Do bełżyckiego przedszkola chodziły dzieci spoza gminy, za co Urząd Miasta w ciągu trzech lat zapłacił ponad 160 tys. zł. Takie dane przedstawiła Najwyższej Izby Kontroli. Rozmawiają o tym dziś bełżyccy radni.
Skontrolowano także, ile dzieci spoza gminy chodziło do placówki. W 2007 roku przyjęto takich dzieci 9. W następnym było ich 8, zaś w 2009 już 12. Według inspektorów, kosztowało to gminę ponad 160 tys. zł.
– Dzieci przyjęte do przedszkola, które zameldowane były poza gminą Bełżyce, faktycznie mieszkały na terenie miasta i gminy Bełżyce. Ponadto, rodzice tych dzieci pracują na terenie Bełżyc – tłumaczy Anastazja Minik, dyrektorka przedszkola. Dodaje również, że te dzieci przyjmowane były w późniejszym terminie, w miarę wolnych miejsc, po rezygnacji z przedszkola osób z terenu gminy Bełżyce.
Do końca września, przedszkole ma przedstawić NIK szczegółowe zasady rekrutacji.
Kontrolujący zarzucili też Urzędowi Miasta w Bełżycach, że w sposób nierzetelny sprawuje kontrolę nad przedszkolem. W tym roku mają być one częstsze.
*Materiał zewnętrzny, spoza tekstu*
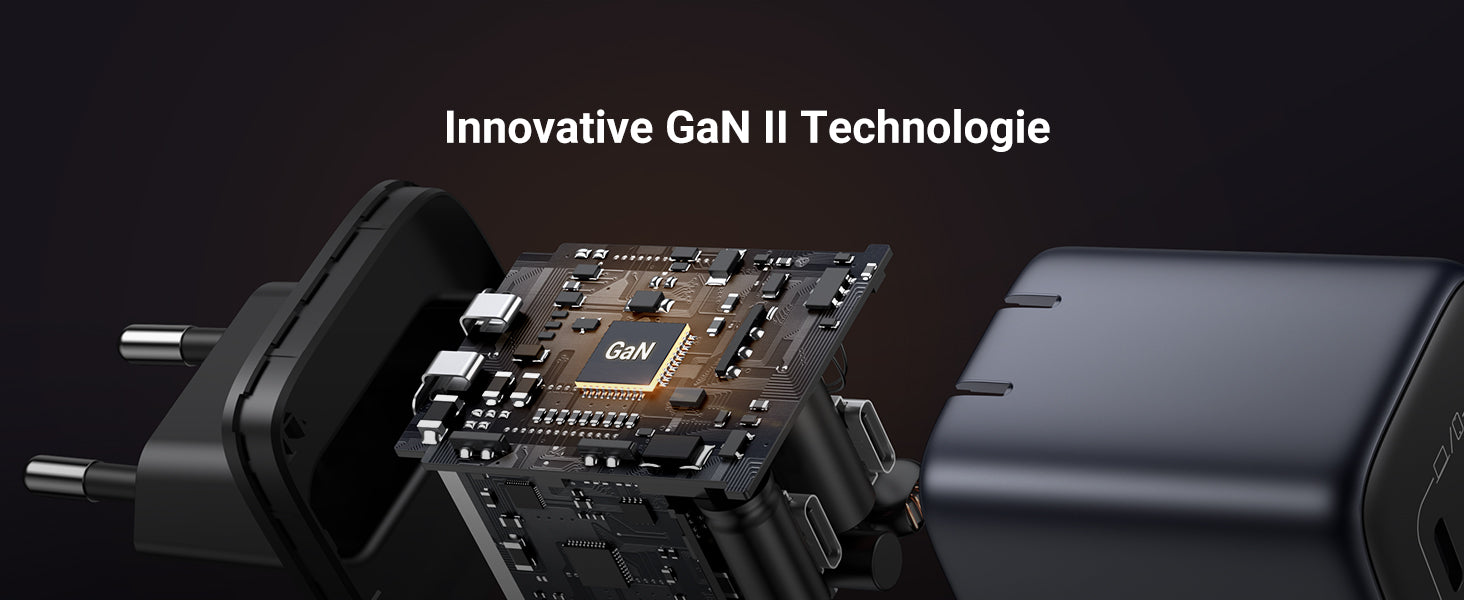 innovative GaN technologie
Na środowej sesji radni miejscy dyskutowali o wynikach kontroli NIK w Urzędzie Miasta i trzech podległych mu jednostkach. Poza przedszkolem w Bełżycach, inspektorzy NIK zapukali również do Zespołu Szkół nr 2 i Szkoły Podstawowej w Matczynie. Debata nie trwała jednak długo, bo nie wszyscy radni zapoznali się z materiałami z kontroli. Do tematu kontroli NIK radni mają wrócić na kolejnej sesji. Zwołano ją na dziś.